Microservice Communication Patterns: REST, gRPC, Events

It starts with 3 services talking over REST. Everyone agrees it’s the fastest way to get moving. Fast forward to service 15, and somebody’s inventory lookup is taking 800ms under load. Because the order service calls inventory synchronously, and the checkout page calls order synchronously, your users are staring at a 2.4-second spinner for what used to be a 200ms page load. The SRE team pulls a late night tracing a cascade failure that started with a 97th-percentile database query in a service three hops away from the one that’s actually timing out. If you’ve been in this room at 11 PM, you already know where this article is going.

By the time you’ve got 20 services wired together with synchronous HTTP, changing even one service to async means renegotiating the contract with every caller. The interface shape is baked into deployment pipelines, retry logic, and error handling across a dozen codebases. Congratulations. You’ve built a distributed monolith with network hops instead of function calls.

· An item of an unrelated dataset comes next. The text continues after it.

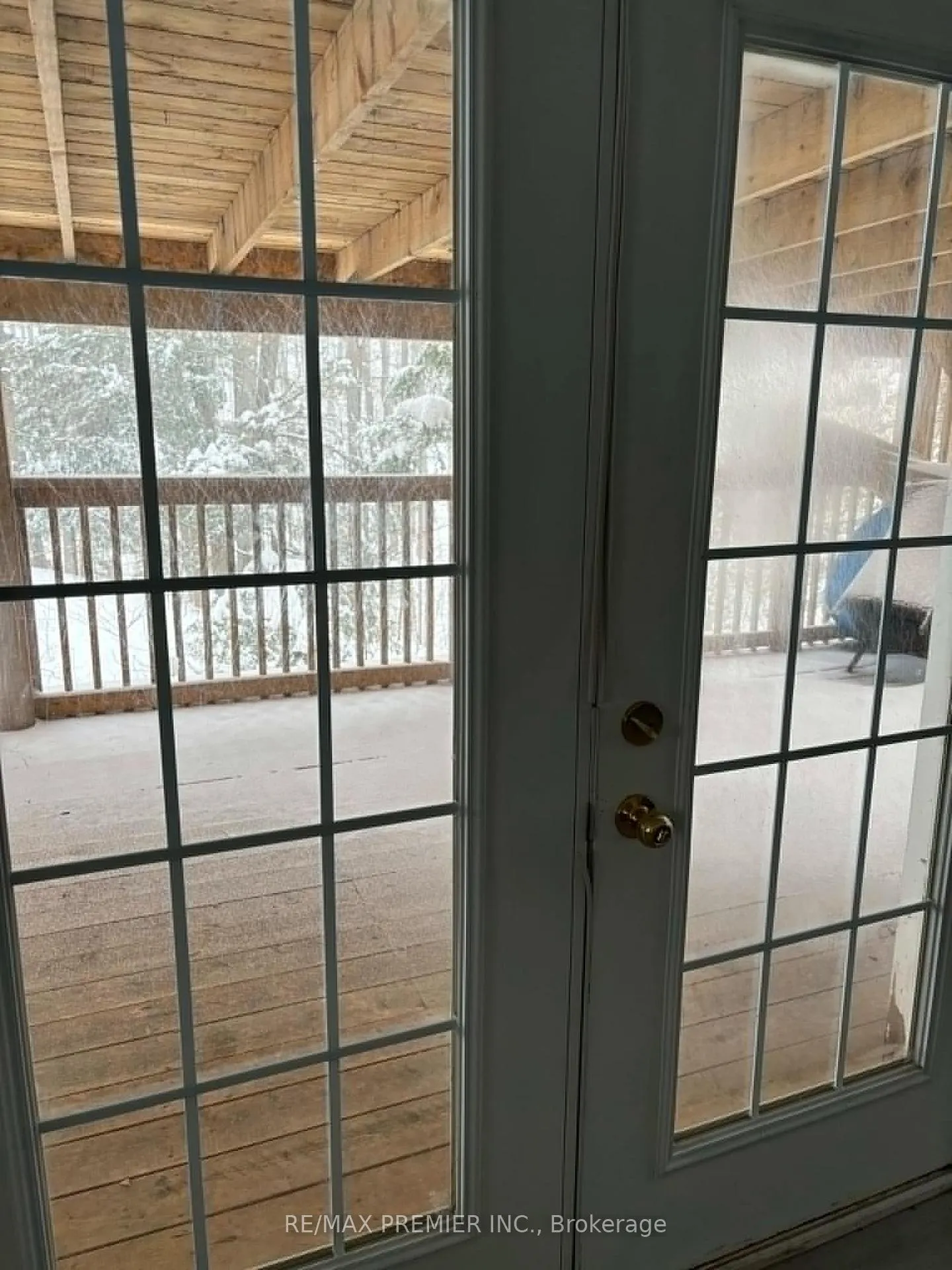 Photo 20 of 210 Stouffville Road, Richmond Hill, Rural Richmond Hill — HOMEH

Communication pattern is not a detail to sort out after the services are running. It determines your failure blast radius, your consistency model, and the coupling between teams who should not need to coordinate on every release. Getting the defaults right early is what separates architectures that scale from ones that calcify. Making these microservice architecture decisions before they’re expensive to reverse is the whole game.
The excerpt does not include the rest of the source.